Exercise description: Would you output the lines from the one containing "Casa à venda, próximo" through the final line of the entries, exactly and with pictures omitted?

========================================

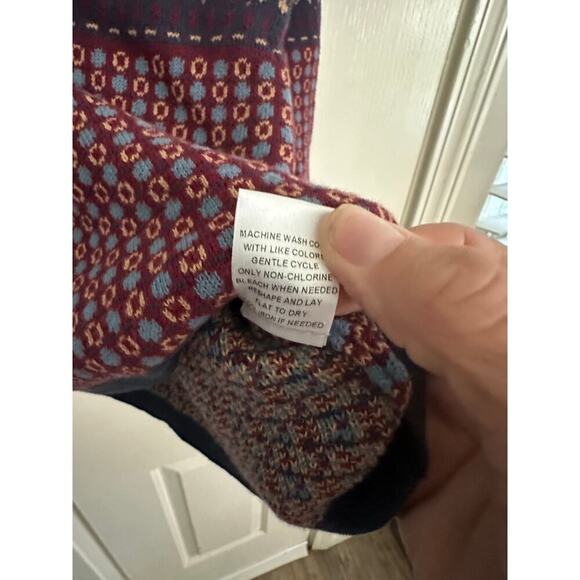 NorthStyle Women's 100% Cotton Crew Neck Geo Star Border Sweater Size Medium - Picture 6 of 8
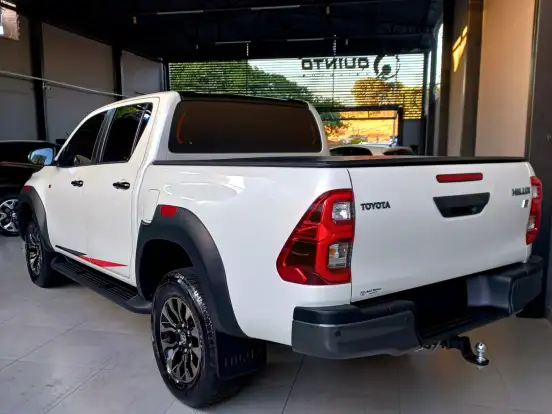 TOYOTA-HILUX-2.8 D-4D TURBO DIESEL CD GR-S 4X4 AUTOMÁTICO TOYOTA-HILUX-2022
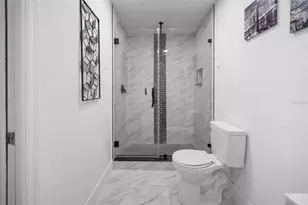 19029 US Hwy 19 N, Clearwater, FL 33764 - Photo 22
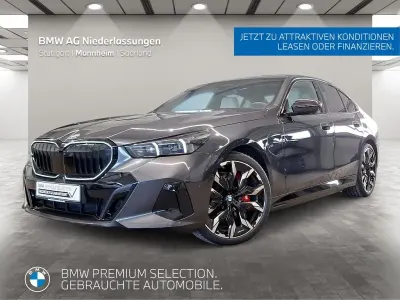 Gebraucht BMW 550e M Sport 489 PS (359 kW) 2025 Grau Limousine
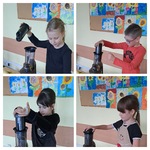 Uczniowie wkładają owoce i warzywa do wyciskarki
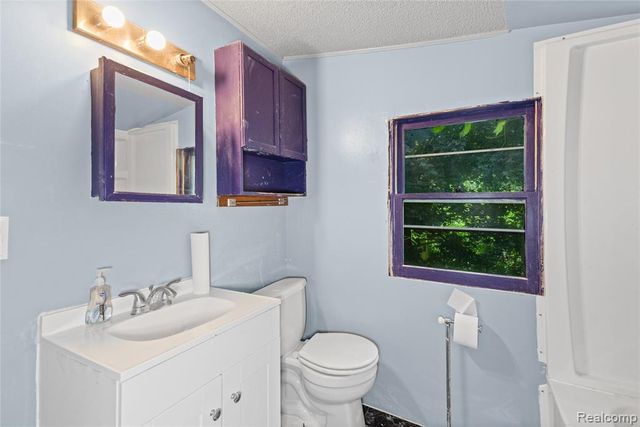 1975 Porter Road, White Lake, MI 48383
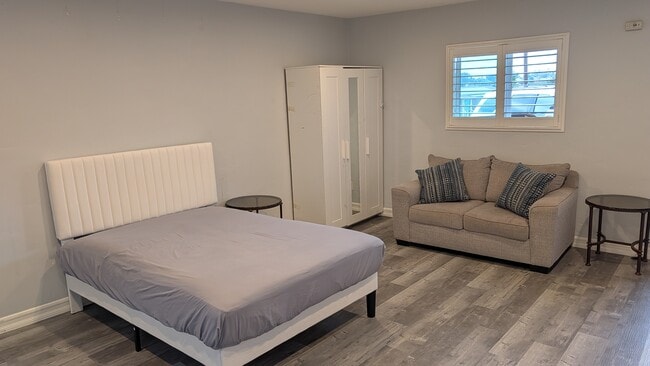 Photo - 1324 Braddock St Unit Studio/Apartment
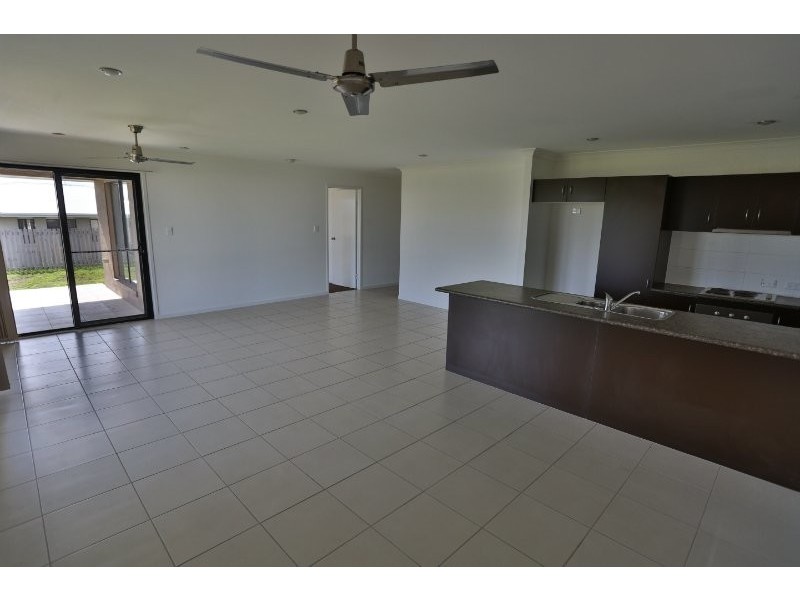 3 The Peak, Zilzie QLD 4710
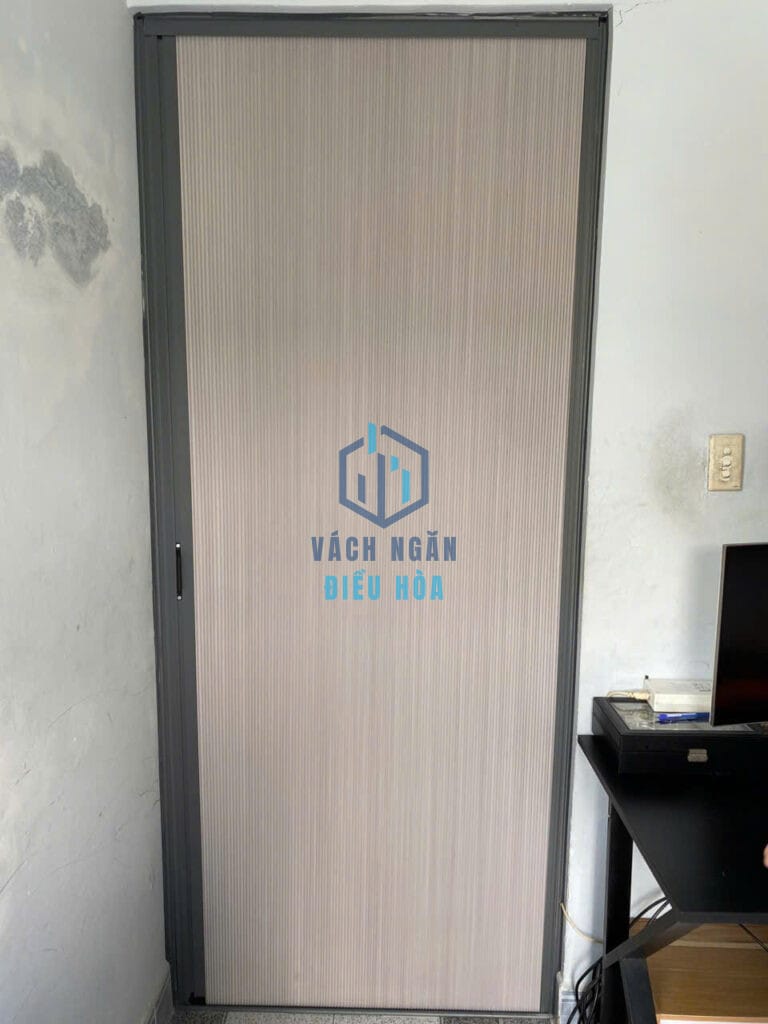 Cửa tổ ong vách nâu, viền xám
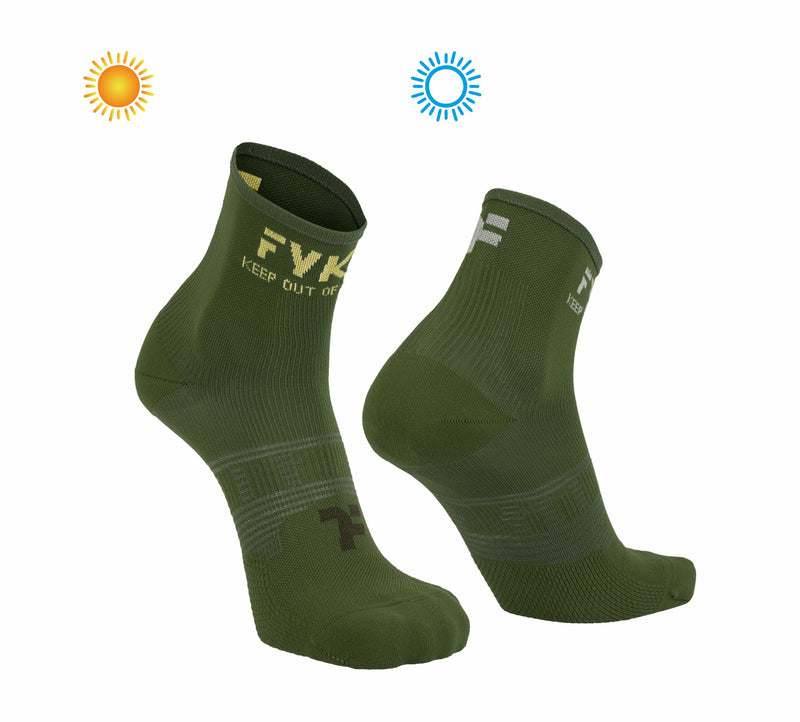 Boost Socks Low: Military Green Sun Socks que cambian el color del logotipo del fyke con la exposición al sol.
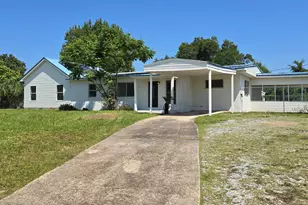 109 Concord Cir, Panama City, FL 32405 - Photo 1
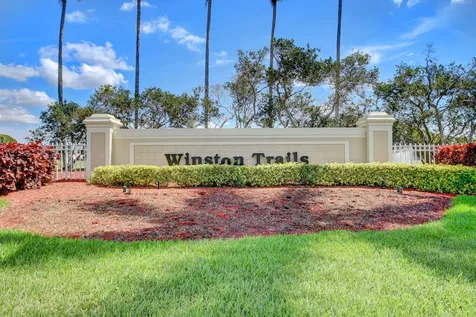 6207 Shadow Tree Lane Lake Worth FL 33463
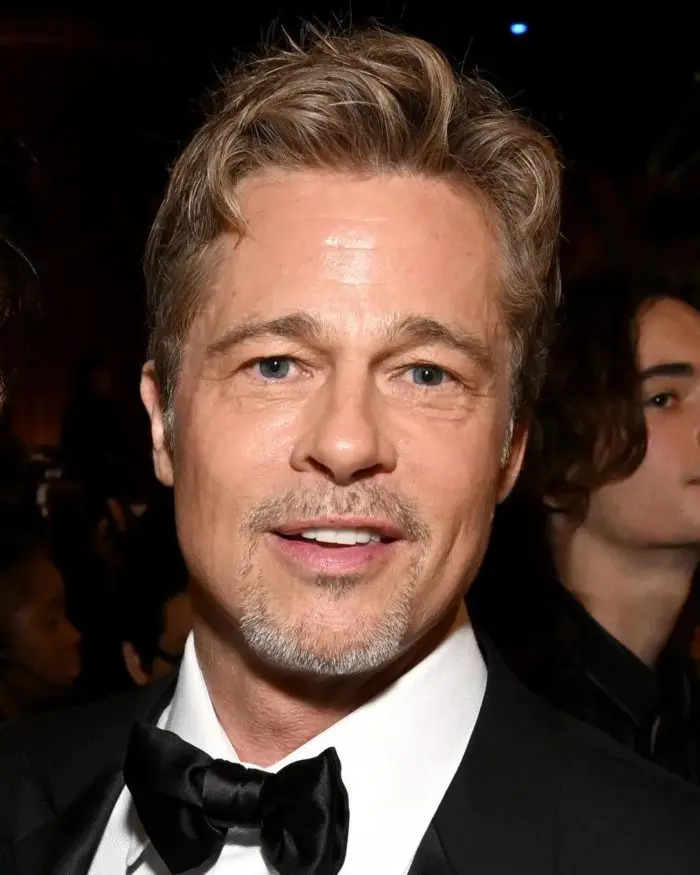 Brad Pitt con occhi profondi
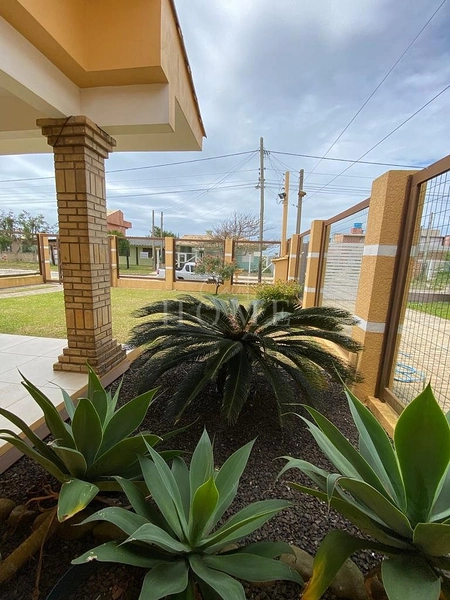 Casa à venda, próximo ao mar: 2ª foto da galeria de imagens do imóvel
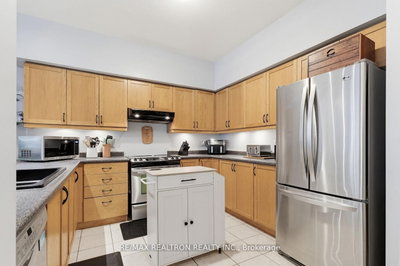 81 Valridge Drive • #35 • Hamilton, ON photo 4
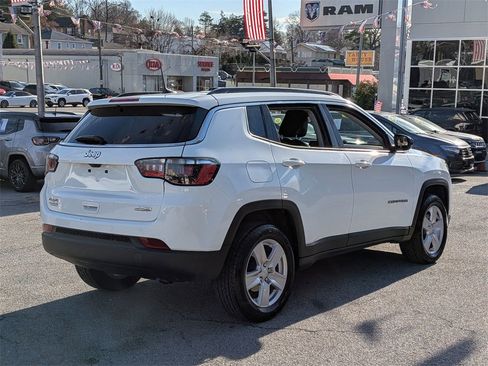 Used 2022 Jeep Compass Latitude image 6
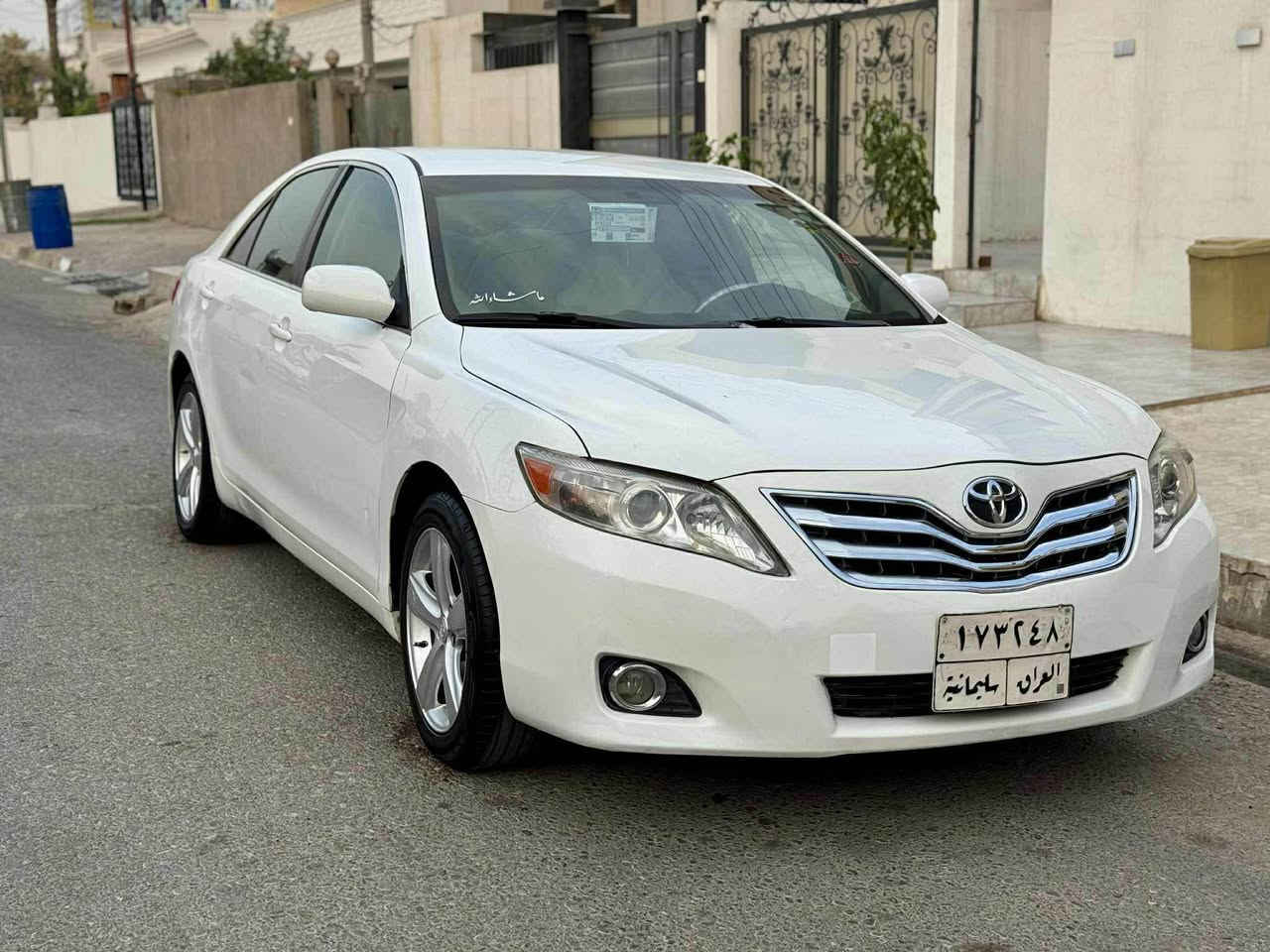 کامری ٢٠٠٩ تەنها ٢ پارچه ي به خي امريكايه ليدراوي نييه  و ٢شوێنی بچووکی تعدیلە  مواسفات LE گێر و مەکینە و تعویل بەشەرت سیارەکە  سعری ١٠٨ وەرەقە و مجال
ژماره م :  ***********
*********** كركوك, العراق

========================================

Task solution:
 Casa à venda, próximo ao mar: 2ª foto da galeria de imagens do imóvel
 81 Valridge Drive • #35 • Hamilton, ON photo 4
 Used 2022 Jeep Compass Latitude image 6
 کامری ٢٠٠٩ تەنها ٢ پارچه ي به خي امريكايه ليدراوي نييه  و ٢شوێنی بچووکی تعدیلە  مواسفات LE گێر و مەکینە و تعویل بەشەرت سیارەکە  سعری ١٠٨ وەرەقە و مجال
ژماره م :  ***********
*********** كركوك, العراق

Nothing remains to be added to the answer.